**What you have to do**
Copy the records below word for word, from the first line through the line that contains "Campinense-PB 2 x", and leave out any pictures.

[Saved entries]
* * *

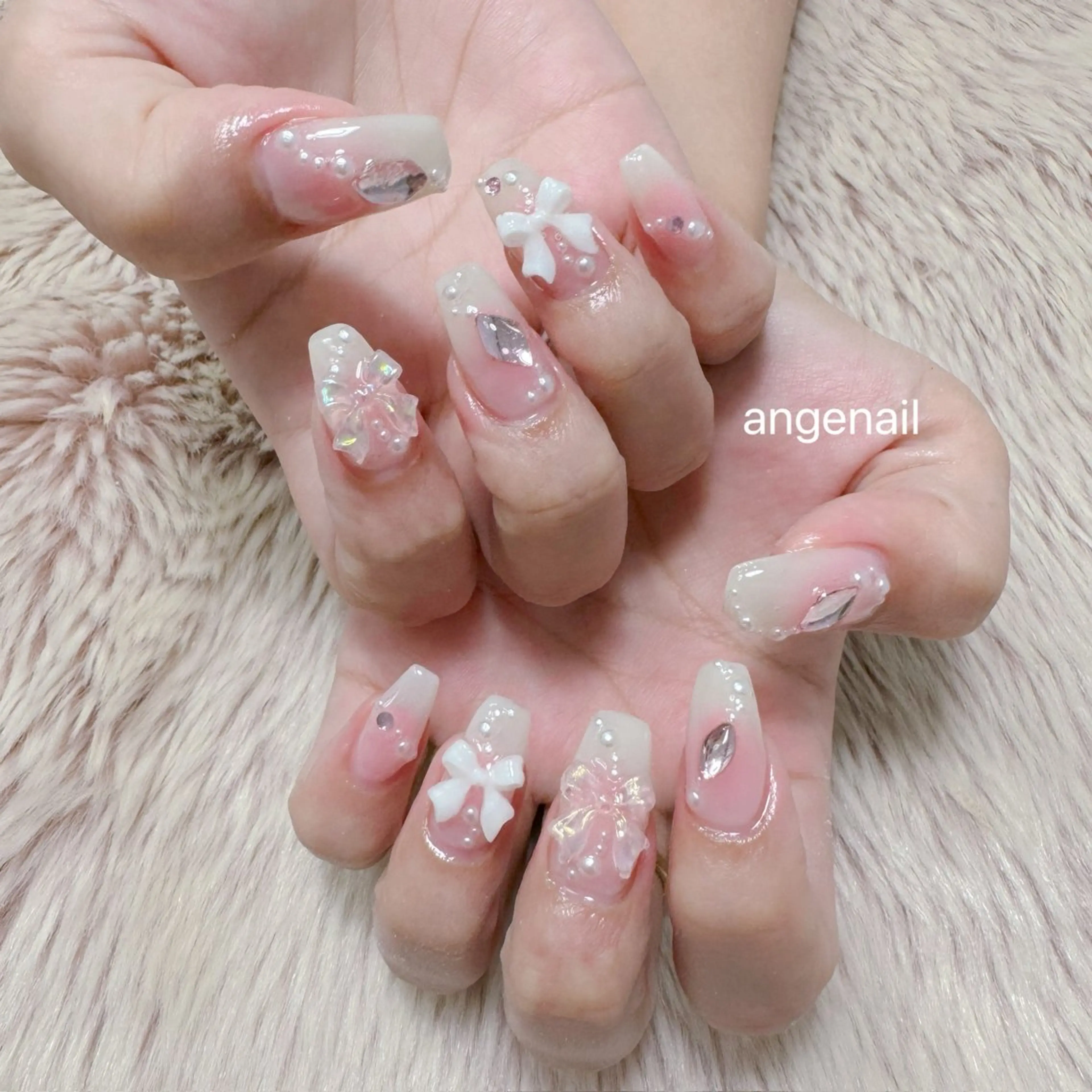 ネイル ハンドネイル オーナーネイリスト MAKIのネイルデザイン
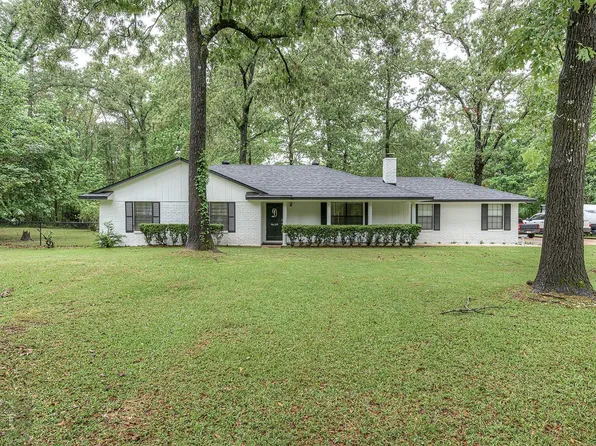168 W Lake Rd, Benton, LA 71006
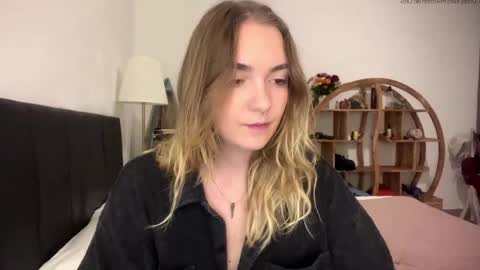 Roxy online show from May 6, 12:22 pm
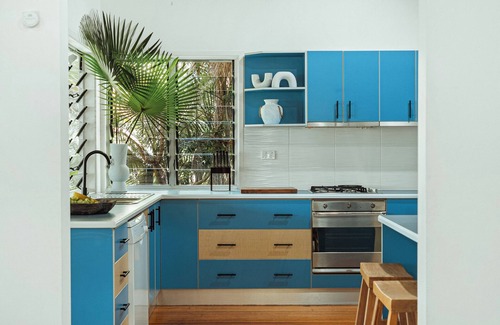 Trinity Beach House | Reinwood Retreat, Reinwood Retreat – Where the Rainforest Meets the Reef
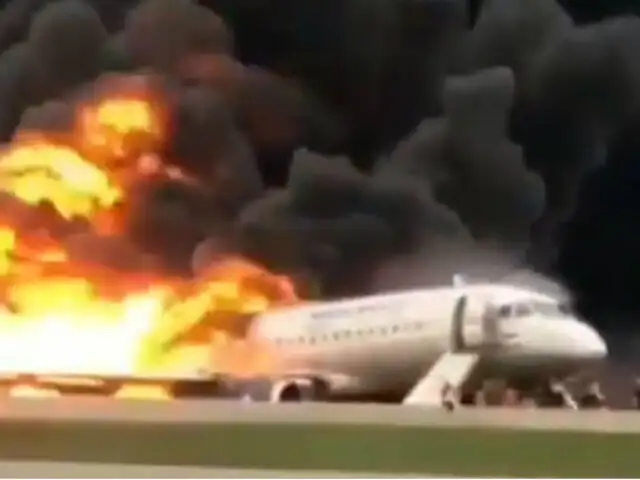 Rusia: rayo habría causado incendio en avión donde fallecieron 41 personas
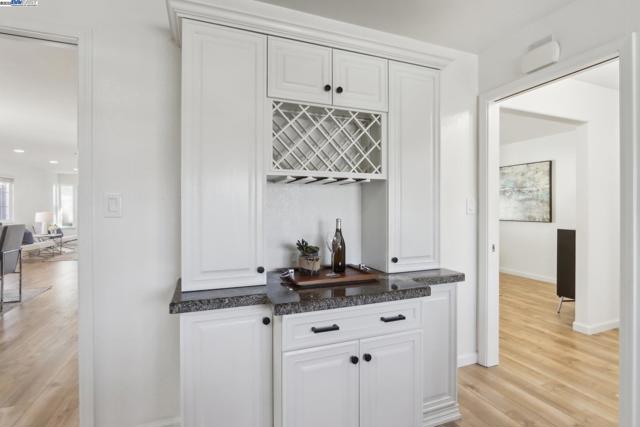 Image 22 of 53 For 5238 Brophy Dr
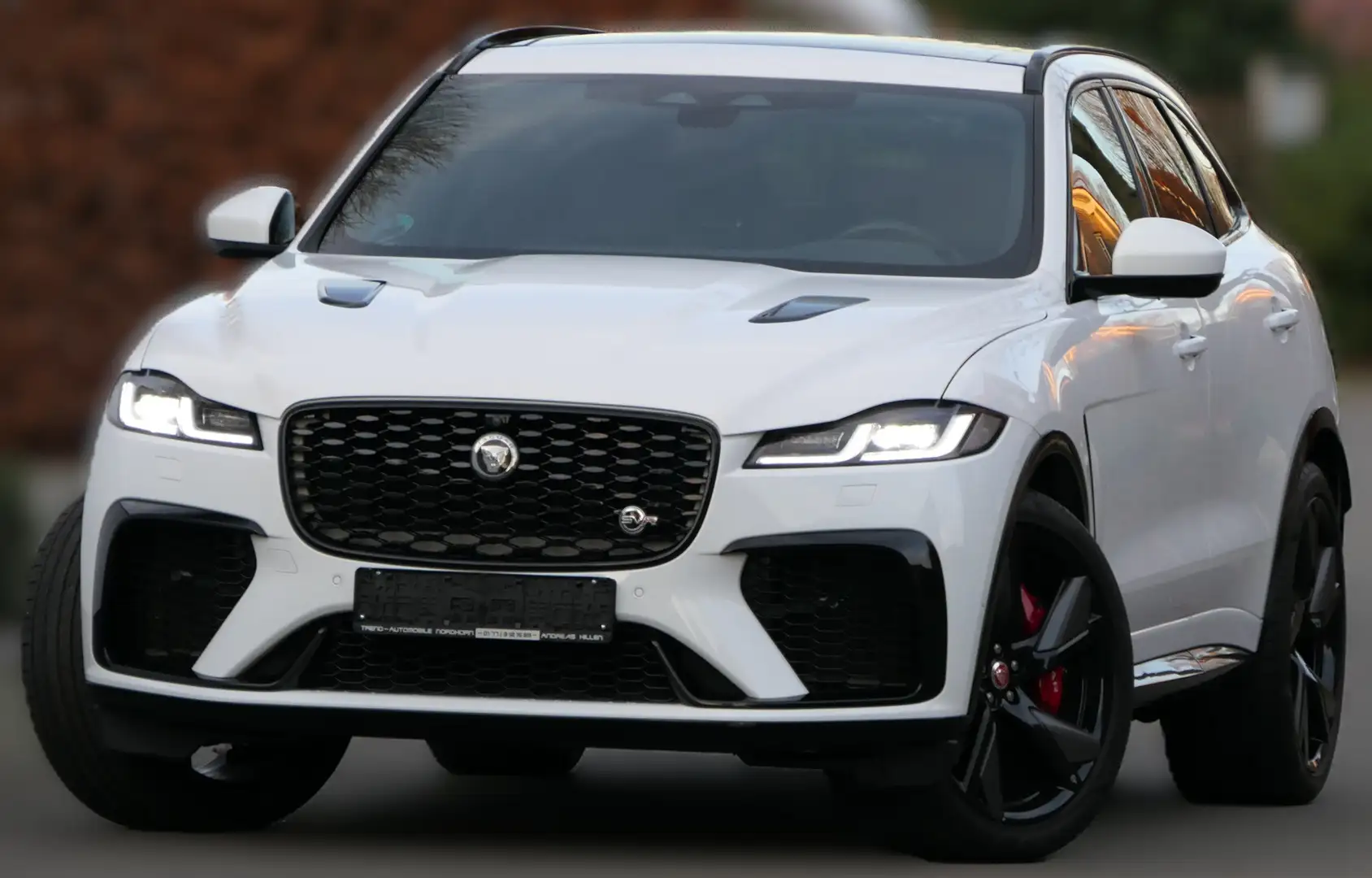 Jaguar F-Pace F-PACE+SVR+PANO+MATRIX+22"ALU+BLACK+ACC+AHK+AMBIEN Weiß - 2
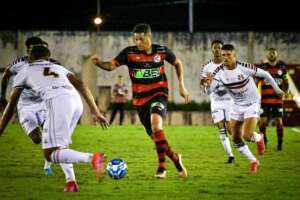 Campinense-PB 2 x 0 Santa Cruz-PE - Raposa complica Mais Querido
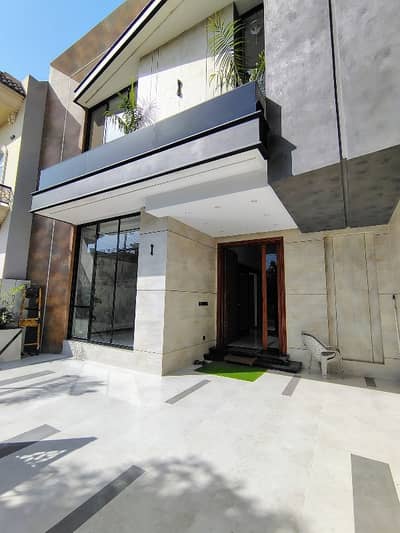 10 Marla Brand New House For Sale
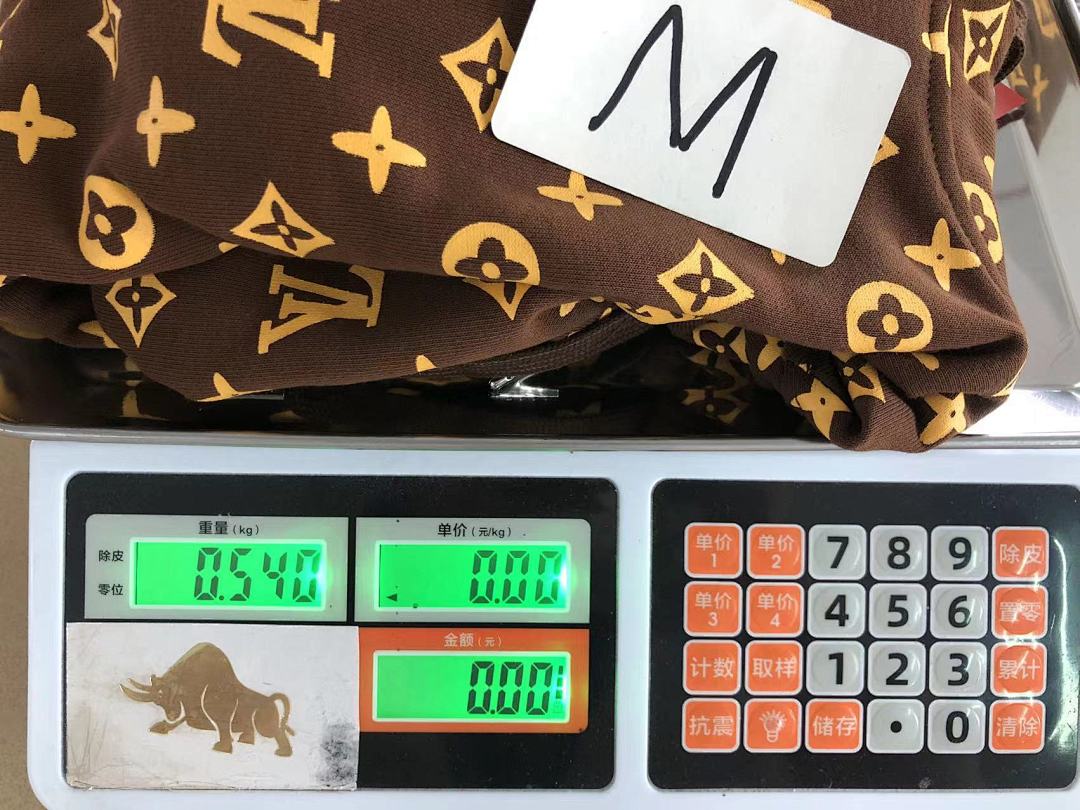 Louis Vuitton 178 L⭐ S⭐⭐R⭐⭐E HOODIE 217070115 (Im 170Cm 60Kg I Wear Size M In The Phot) - Image 24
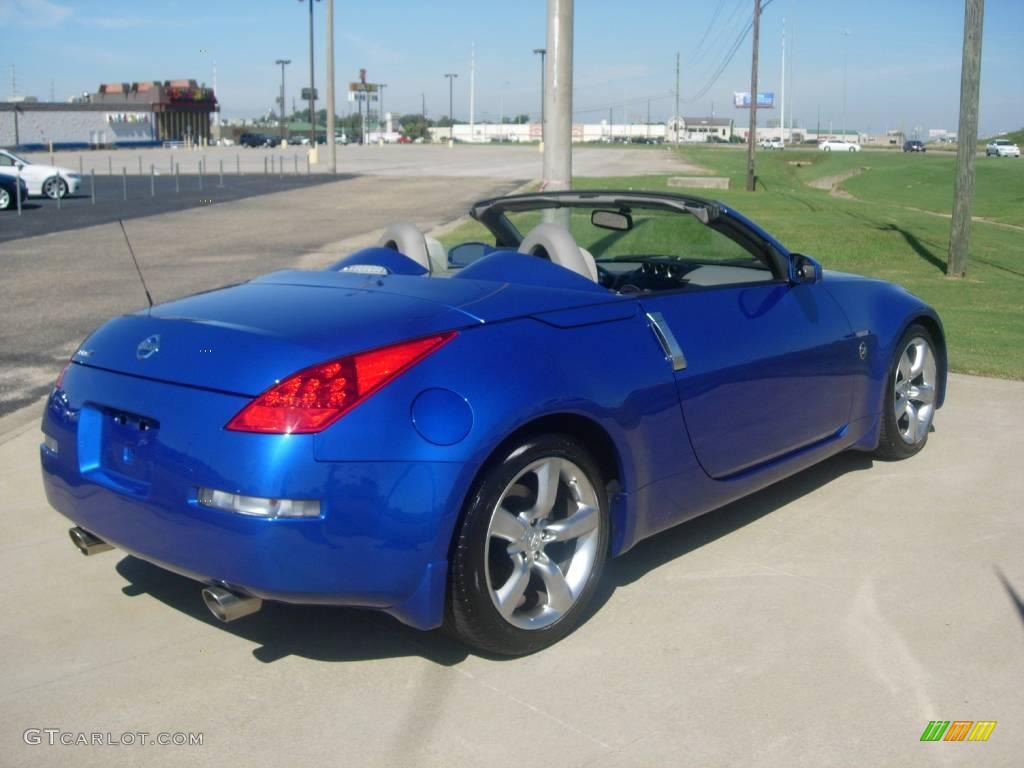 2006 350Z Touring Roadster - Daytona Blue Metallic / Frost Leather photo #17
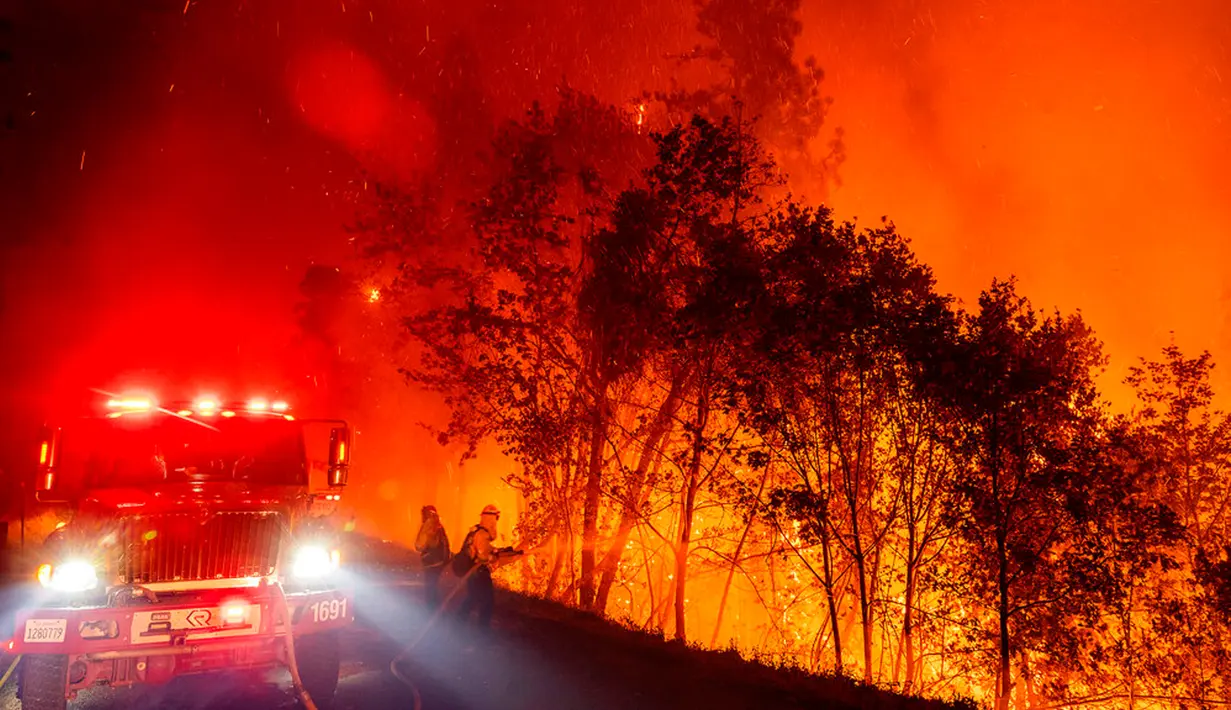 Petugas pemadam kebakaran memerangi Mosquito Fire yang menyala di Michigan Bluff Rd, Placer County, California, Amerika Serikat, 7 September 2022. (AP Photo/Noah Berger)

* * *

**Answer to this task**
 ネイル ハンドネイル オーナーネイリスト MAKIのネイルデザイン
168 W Lake Rd, Benton, LA 71006
 Roxy online show from May 6, 12:22 pm
 Trinity Beach House | Reinwood Retreat, Reinwood Retreat – Where the Rainforest Meets the Reef
 Rusia: rayo habría causado incendio en avión donde fallecieron 41 personas
 Image 22 of 53 For 5238 Brophy Dr
 Jaguar F-Pace F-PACE+SVR+PANO+MATRIX+22"ALU+BLACK+ACC+AHK+AMBIEN Weiß - 2
 Campinense-PB 2 x 0 Santa Cruz-PE - Raposa complica Mais Querido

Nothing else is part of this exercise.